▸ About this task
Once the pictures are set aside, transcribe each line of the data exactly.

▸ Supplied information
***
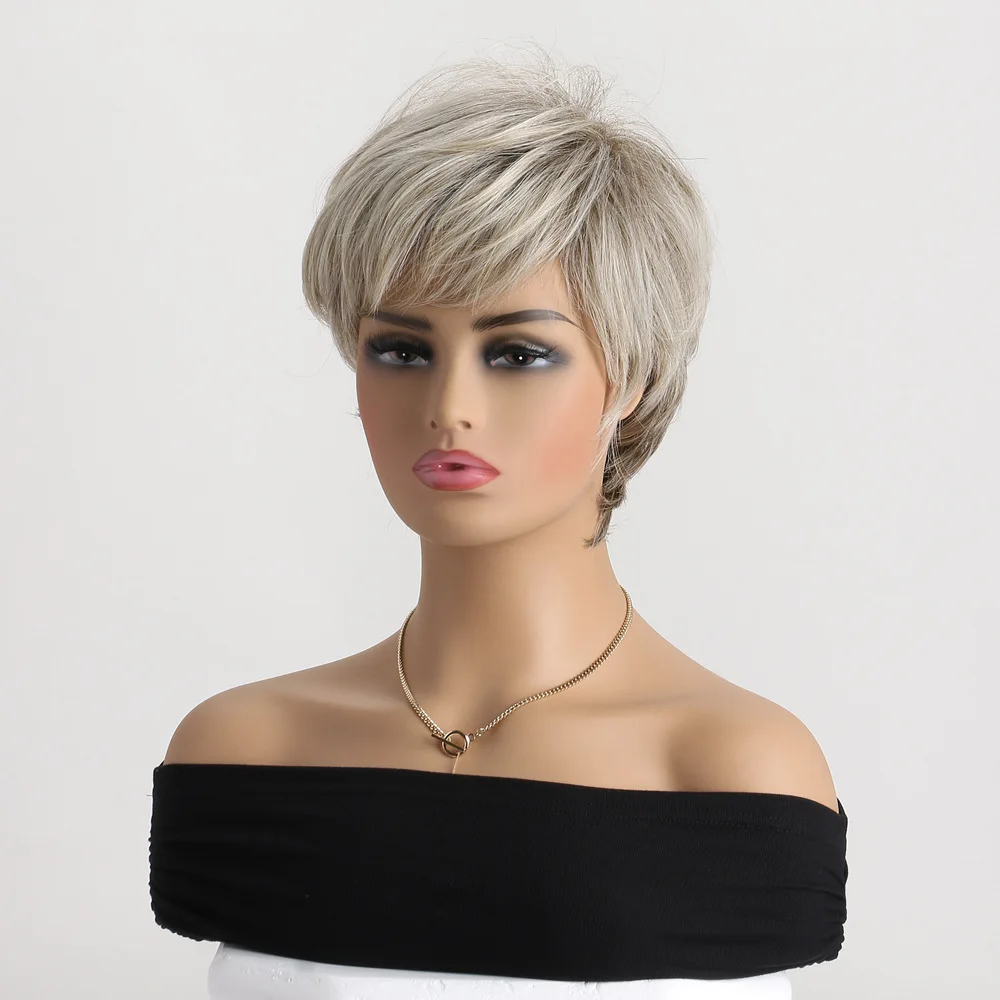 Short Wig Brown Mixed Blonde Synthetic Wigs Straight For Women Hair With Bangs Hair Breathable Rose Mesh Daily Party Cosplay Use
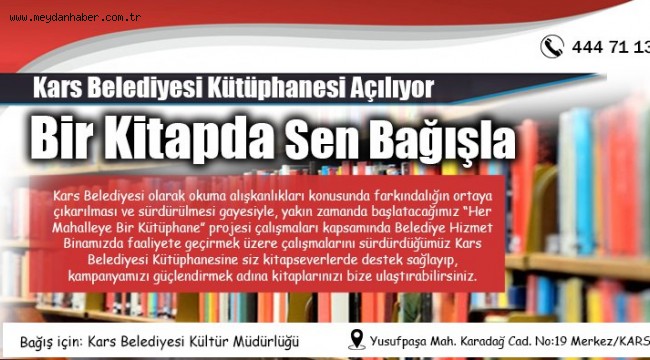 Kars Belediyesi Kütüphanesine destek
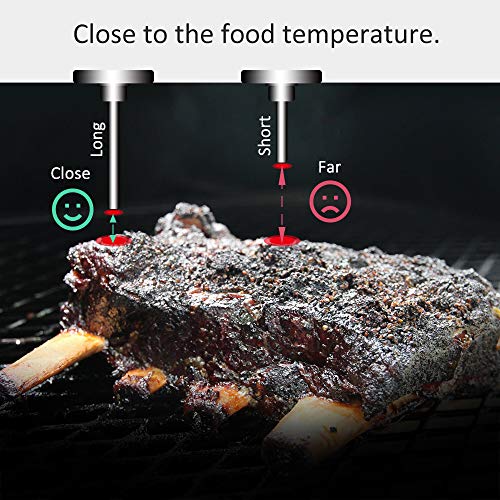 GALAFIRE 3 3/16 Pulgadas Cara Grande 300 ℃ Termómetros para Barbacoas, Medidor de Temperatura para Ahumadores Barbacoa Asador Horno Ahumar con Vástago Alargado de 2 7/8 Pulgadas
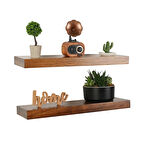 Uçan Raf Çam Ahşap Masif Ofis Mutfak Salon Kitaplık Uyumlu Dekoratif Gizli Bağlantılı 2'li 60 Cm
***
▸ Answer to this exercise
 Short Wig Brown Mixed Blonde Synthetic Wigs Straight For Women Hair With Bangs Hair Breathable Rose Mesh Daily Party Cosplay Use
 Kars Belediyesi Kütüphanesine destek
 GALAFIRE 3 3/16 Pulgadas Cara Grande 300 ℃ Termómetros para Barbacoas, Medidor de Temperatura para Ahumadores Barbacoa Asador Horno Ahumar con Vástago Alargado de 2 7/8 Pulgadas
 Uçan Raf Çam Ahşap Masif Ofis Mutfak Salon Kitaplık Uyumlu Dekoratif Gizli Bağlantılı 2'li 60 Cm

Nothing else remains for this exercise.